:: Material for this task ::

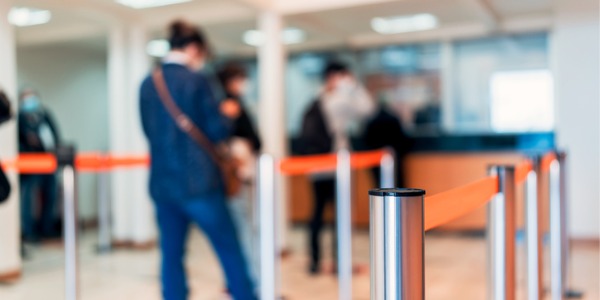 A bank patron waiting in line to see a teller.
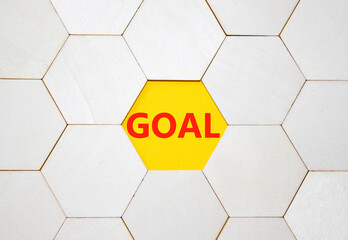 Goal symbol. Concept word Goal on wooden comb puzzle. Beautiful yellow background. Business and...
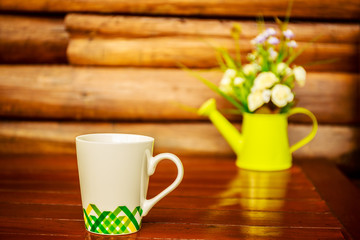 Coffee cup on wooden table background
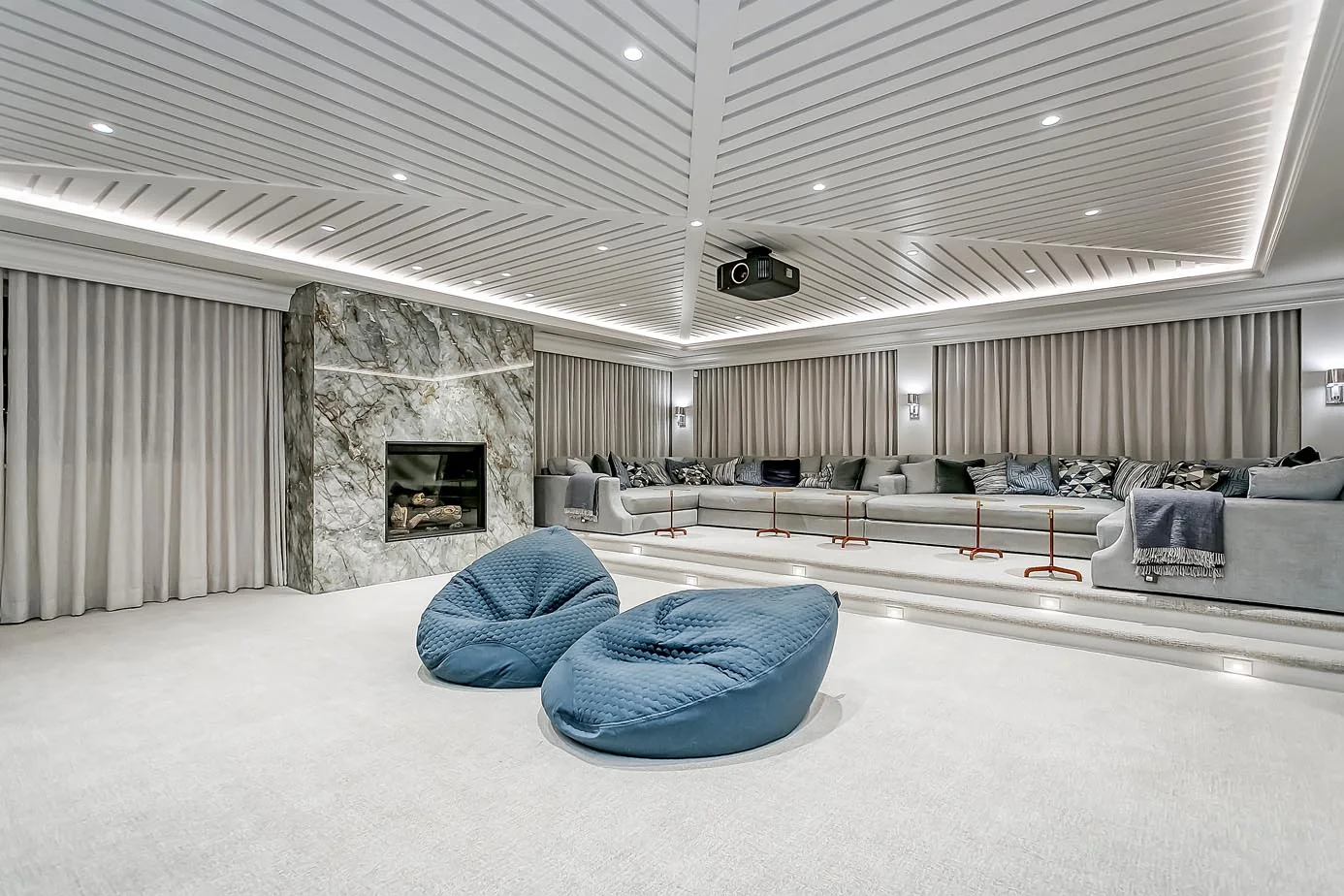 An east Oakville home theater with blue bean bags and a fireplace overlooking the lakefront, Sustainable Custom Luxury Home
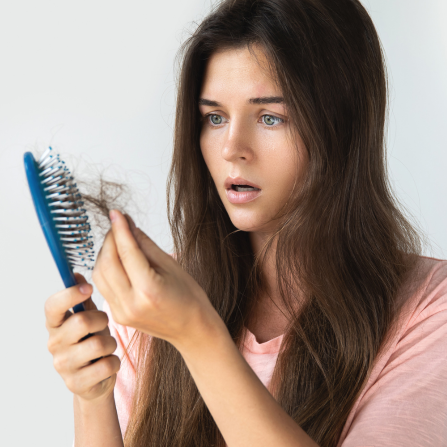 Une femme stupéfaite retire tous les cheveux pris dans sa brosse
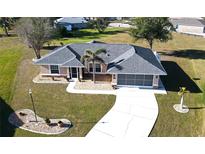 Single-story home with a two-car garage and landscaped yard at 16129 Coruna Ct, Punta Gorda, FL 33955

:::

● **Aim of the task**
A faithful copy of the entries above is needed, one that contains no images.

● **Response to the task**
 A bank patron waiting in line to see a teller.
 Goal symbol. Concept word Goal on wooden comb puzzle. Beautiful yellow background. Business and...
 Coffee cup on wooden table background
 An east Oakville home theater with blue bean bags and a fireplace overlooking the lakefront, Sustainable Custom Luxury Home
 Une femme stupéfaite retire tous les cheveux pris dans sa brosse
 Single-story home with a two-car garage and landscaped yard at 16129 Coruna Ct, Punta Gorda, FL 33955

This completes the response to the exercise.